Marina Tauber, a parliamentarian and deputy chairperson of the Shor Party, said the party intended to go to the European Court of Human Rights to appeal the Constitutional Court's ruling. "The Constitutional Court's ruling does not put an end to our party. This is the beginning of a new stage in the Shor Party's struggle. We will appeal to the European Court of Human Rights, which will reverse this shameful judgment made on President Maia Sandu's order," Tauber said.
The Moldovan parliament voted in May to deprive Tauber, who is charged with the illegal financing of the Shor Party, of parliamentary immunity from prosecution. The court ordered that Tauber be placed under house arrest, but allowed her to attend the Constitutional Court's hearings on banning the party, as investigators believed she may have been involved in criminal schemes to finance the party.

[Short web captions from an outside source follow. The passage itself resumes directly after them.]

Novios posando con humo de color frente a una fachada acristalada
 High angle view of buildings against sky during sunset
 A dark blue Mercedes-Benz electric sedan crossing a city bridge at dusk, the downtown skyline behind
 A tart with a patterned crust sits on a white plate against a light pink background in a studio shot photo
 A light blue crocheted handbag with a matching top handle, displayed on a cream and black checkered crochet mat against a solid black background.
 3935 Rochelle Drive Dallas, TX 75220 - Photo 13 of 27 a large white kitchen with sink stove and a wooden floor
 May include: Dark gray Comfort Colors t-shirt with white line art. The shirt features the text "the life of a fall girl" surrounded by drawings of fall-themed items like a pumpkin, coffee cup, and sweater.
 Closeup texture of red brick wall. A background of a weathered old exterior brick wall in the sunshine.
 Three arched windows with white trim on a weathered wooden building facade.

The government filed its motion with the Constitutional Court to have the Shor Party outlawed on November 9, 2022, arguing that it "acts contrary to the principles of the rule of law and threatens Moldova's sovereignty and independence." The party's leader, fugitive parliamentarian Ilan Shor, attributed the move to the ruling Party of Action and Solidarity (PAS)'s desire to gain a constitutional majority in parliament.
Shor himself was deprived of his parliamentary mandate at the end of April 2023.
On April 13, a Moldovan court sentenced Shor to 15 years in prison, and ordered that his property worth 5 billion lei, the equivalent of more than $280 million, be confiscated for the state. He has been in hiding in Israel since June 2019.
The Venice Commission said on December 19, 2022, when commenting on the inquiry into the constitutionality of the Shor Party's activity that, while governments are entitled to regulate the activities of political parties, ban them, or subject them to other restrictive measures, designating a party as unconstitutional constitutes interference in the right to freedom of assembly, and therefore the decision had to comply with the law.